July 18, 2010 § 2 Comments
Origanum vulgare is a perennial herb and a native of the Mediterranean region. Nowadays, oregano grows throughout most of Europe, South America and North America. Possessing medicinal properties dating back centuries, modern herbalists promote its potential health benefits and home-grown remedies.
Plants are easily started from seed, stem cuttings, or mature root division.
Different varieties of oregano will cross pollinate, meaning there’s a whole experimental field out there.
Oregano seeds require a bit of light to germinate, so cover only slightly with soil. Start seeds indoors and transplant. Does good in a slightly alkaline pH (between 6 and 8), and well-drained, dry, yet nutrient-rich soil.
Divide plants when the centers begin to die out or the stems become too woody. Or divide to make more plants.
Requires little maintenance.
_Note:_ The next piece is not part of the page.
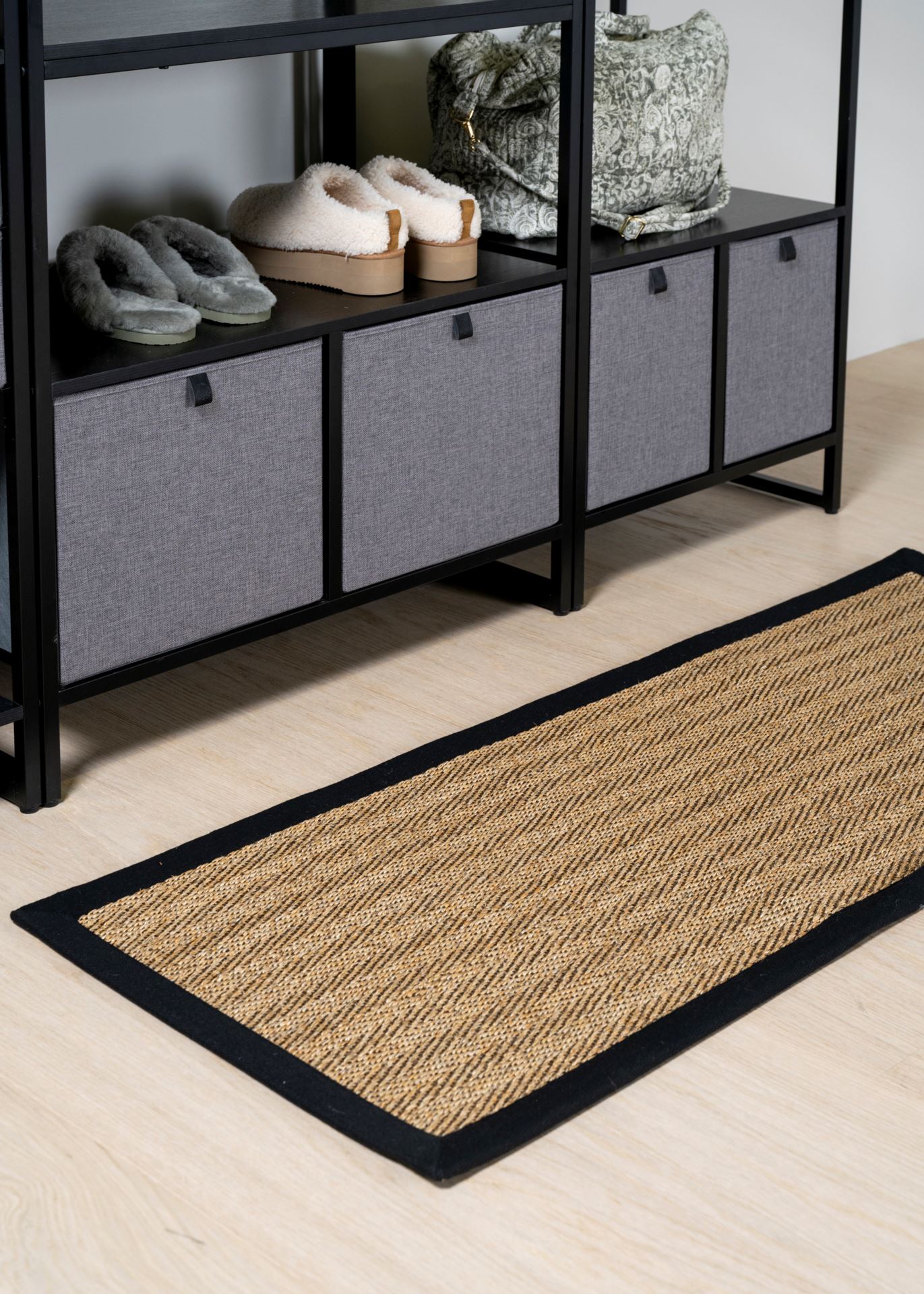 Dørmatte svart - 5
The flowers should be pinched to keep the plants bushy and prevent them from bolting. When behind a window, keep out of full sun because leaves can scorch. Outdoors it likes full sun. Keep weeds under control.
Few pests bother oregano. But keep an eye out for spider mites and aphids. Mulching with hay helps keep plants clean outdoors.
Oregano leaves taste best before flowering. Begin harvesting when plants have reached 8-10 cm. Cutting stems all the way back to the ground encourages more stems and a fuller plant.
Oregano contains volatile oils that make it an emmenagogue, anti-oxidant, anti-viral, anti-fungal, anti-parasitic, anti-bacterial, anti-inflammatory, digestive and anti-allergenic. Its powerful antioxidant capacities aid in the general neutralization of disease-causing free radicals in the body.
Can be used in pizza, spaghetti and marinara sauces, and many other Italian dishes. Complements beef and lamb stews. Can be added to gravies, salads, soups, and vegetable juices.